- [Given information]:
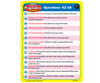 Pragmatics Fun Deck, Questions 43-56 educational card with instructions for various questions including washing dishes, ordering at a restaurant, setting the table, and more.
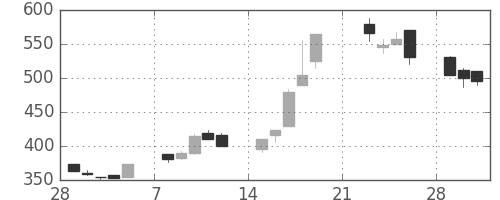 住友信の日足チャート(1999年3月)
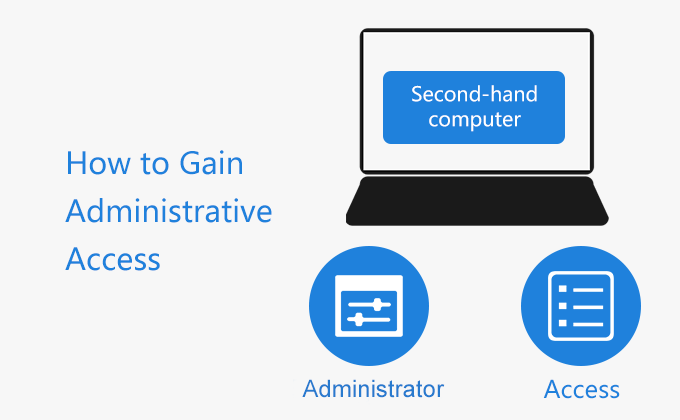 gain administrative access to second-hand computer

- [Exercise aim]: Each line of the material above should be set down exactly, with no pictures.

- [Exercise answer]:
 Pragmatics Fun Deck, Questions 43-56 educational card with instructions for various questions including washing dishes, ordering at a restaurant, setting the table, and more.
 住友信の日足チャート(1999年3月)
 gain administrative access to second-hand computer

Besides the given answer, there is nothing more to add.